» **Exercise directions**
Leaving out the images, please reproduce each line below exactly.

--- Given records Enclosed Below ---

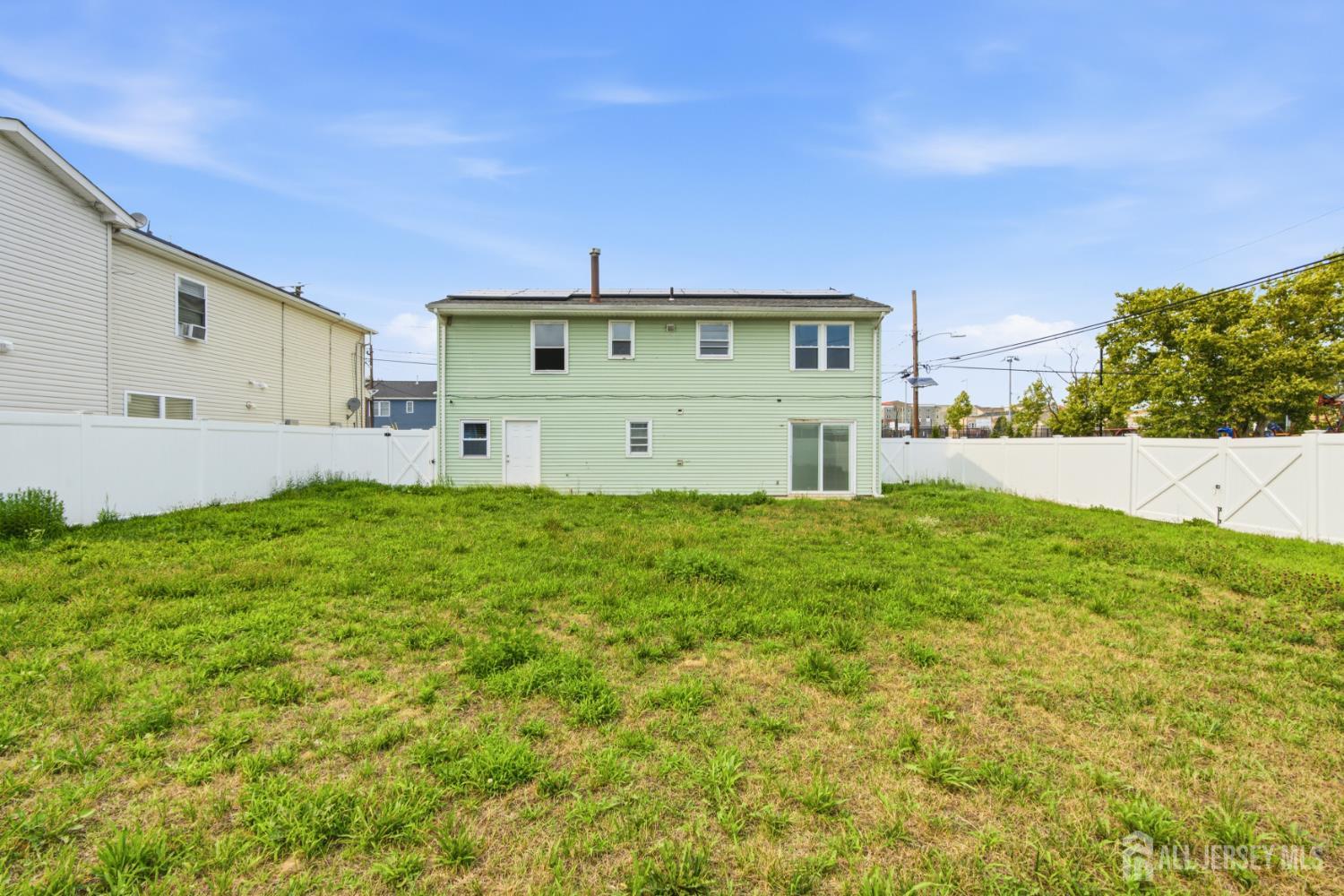 42 Mercer Street Carteret NJ 07008
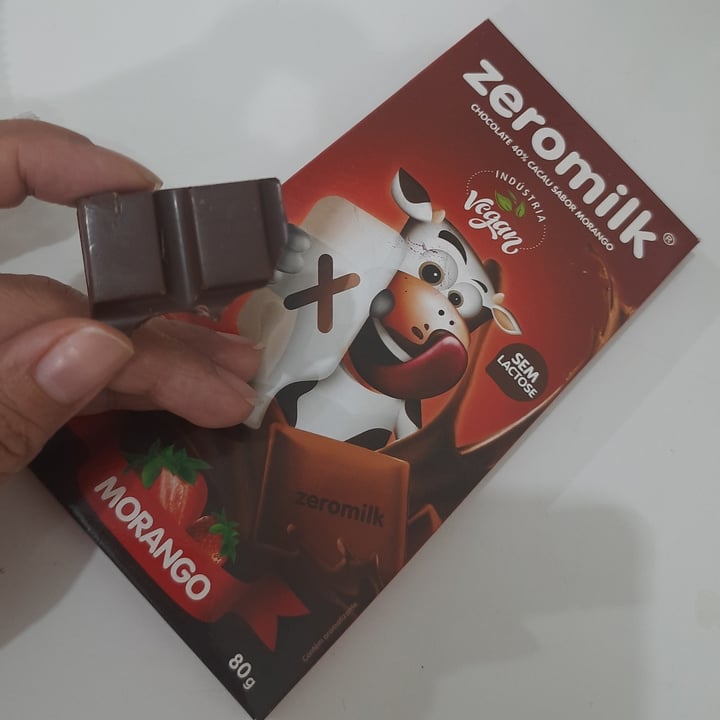 photo of Zeromilk Chocolate 40% Cacau com Morango shared by @patysouza on  11 Sep 2023 - review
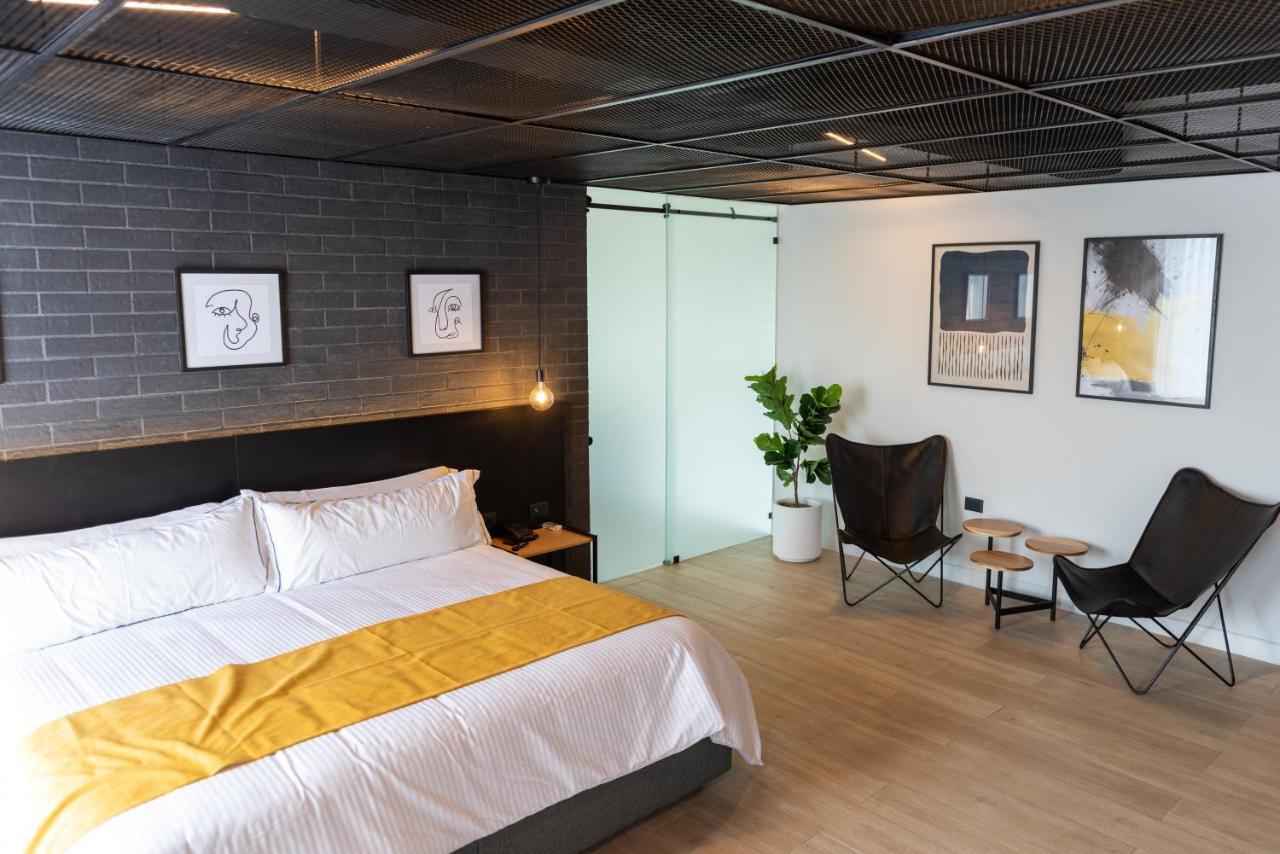 Fulton Business Luxury Hotel กัวดาลาฮารา ภายนอก รูปภาพ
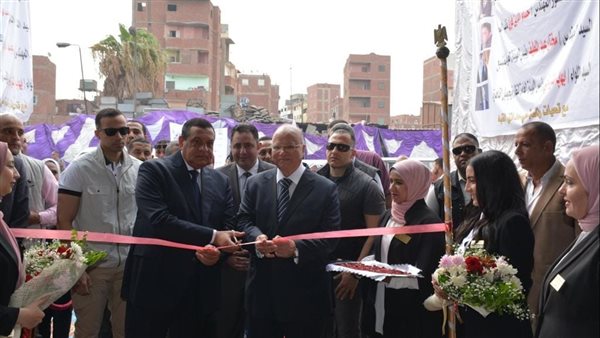 وزير التنمية المحلية ومحافظ القاهرة يفتتحان المحطة الوسيطة الثابتة بشارع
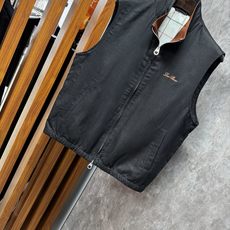 26ss 早春新品Loro piana轻奢立领马甲 | 把高级感穿在日常甄选高支面料,触感软糯,垂坠有型 26ss 早春新品Loro piana轻奢立领马甲 | 把高级感穿在日常甄选高支面料,触感软糯,垂坠有型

--- End of Enclosed Given records ---

» **Task output**
 42 Mercer Street Carteret NJ 07008
 photo of Zeromilk Chocolate 40% Cacau com Morango shared by @patysouza on  11 Sep 2023 - review
 Fulton Business Luxury Hotel กัวดาลาฮารา ภายนอก รูปภาพ
 وزير التنمية المحلية ومحافظ القاهرة يفتتحان المحطة الوسيطة الثابتة بشارع
 26ss 早春新品Loro piana轻奢立领马甲 | 把高级感穿在日常甄选高支面料,触感软糯,垂坠有型 26ss 早春新品Loro piana轻奢立领马甲 | 把高级感穿在日常甄选高支面料,触感软糯,垂坠有型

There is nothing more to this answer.